Dr. Andersen is a a board certified critical care physician, and he is currently Medical Director of Medifast, Inc., an innovative leader in the production, distribution and sale of weight management and health management products. He is also the chief architect of Take Shape for Life. His book, Habits of Health, does not advocate fad dieting or a miracle wonder cure; rather, it provides the knowledge and support to help people achieve optimal health. The book seeks to offer an easy guide to establish long-lasting, improved health. Habits of Health seeks to help people to be the healthiest they can be with what they have. Through his book and the accompanying workbook, Dr. Andersen provides a roadmap and an opportunity for people to choose a better life.


Actions

Information

2 responses

11 08 2008
Sagan

Yepyep.

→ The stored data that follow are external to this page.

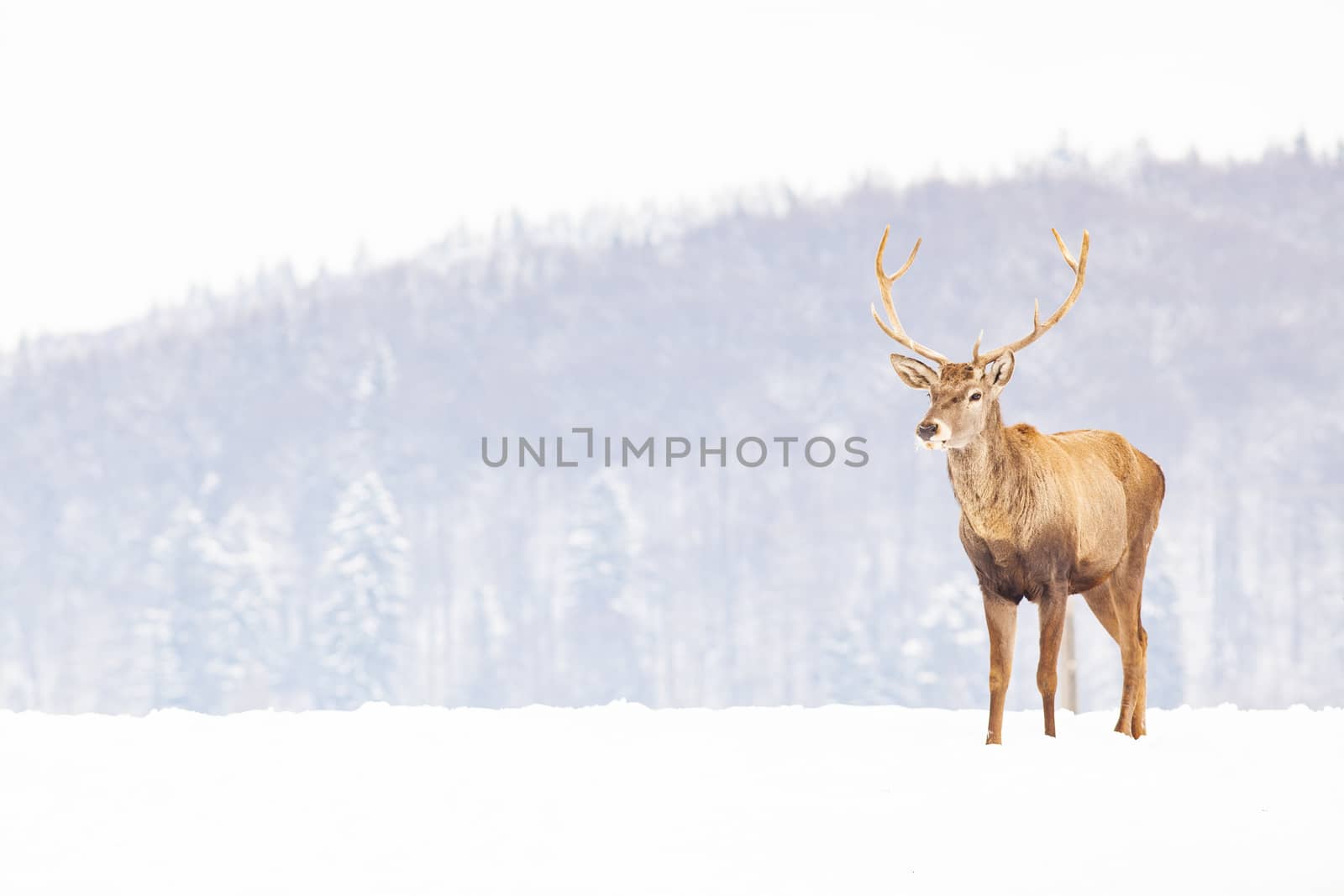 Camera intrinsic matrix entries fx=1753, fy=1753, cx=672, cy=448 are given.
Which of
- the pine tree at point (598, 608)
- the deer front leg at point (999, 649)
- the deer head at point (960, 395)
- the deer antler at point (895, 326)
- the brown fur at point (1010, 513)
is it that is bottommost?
the pine tree at point (598, 608)

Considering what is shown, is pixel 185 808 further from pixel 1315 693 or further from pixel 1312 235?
pixel 1312 235

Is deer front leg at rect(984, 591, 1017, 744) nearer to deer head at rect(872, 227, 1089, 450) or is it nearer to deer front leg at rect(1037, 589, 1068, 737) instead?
deer front leg at rect(1037, 589, 1068, 737)

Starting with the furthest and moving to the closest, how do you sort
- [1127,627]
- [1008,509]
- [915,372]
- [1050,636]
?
[1127,627] < [915,372] < [1008,509] < [1050,636]

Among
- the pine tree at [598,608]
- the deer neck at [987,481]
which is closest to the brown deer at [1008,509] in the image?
the deer neck at [987,481]

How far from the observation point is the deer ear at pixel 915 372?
984 cm

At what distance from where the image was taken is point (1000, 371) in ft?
32.3

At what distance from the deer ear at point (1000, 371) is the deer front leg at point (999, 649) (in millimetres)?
1173

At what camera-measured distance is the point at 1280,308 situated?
103 metres

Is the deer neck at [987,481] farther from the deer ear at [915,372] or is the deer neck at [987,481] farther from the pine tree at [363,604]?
the pine tree at [363,604]

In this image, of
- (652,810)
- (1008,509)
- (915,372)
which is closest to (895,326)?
(915,372)

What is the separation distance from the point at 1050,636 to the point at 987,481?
2.97 feet

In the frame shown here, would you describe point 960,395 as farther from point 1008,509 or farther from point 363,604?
point 363,604

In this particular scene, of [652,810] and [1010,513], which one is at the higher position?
[1010,513]

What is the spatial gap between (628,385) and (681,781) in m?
100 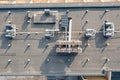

Carrots are a good munching food to get away from the unhealthy snacks. And going out for a walk or finding some way to distract yourself (by getting out of the house and away from the temptation of overeating etc) is one of the best ways to overcome that emotional eating!

13 08 2008
Jay

Totally agree with going for a walk! Substituting a healthy alternative to eating is a great way to not fall victim to emotional eating.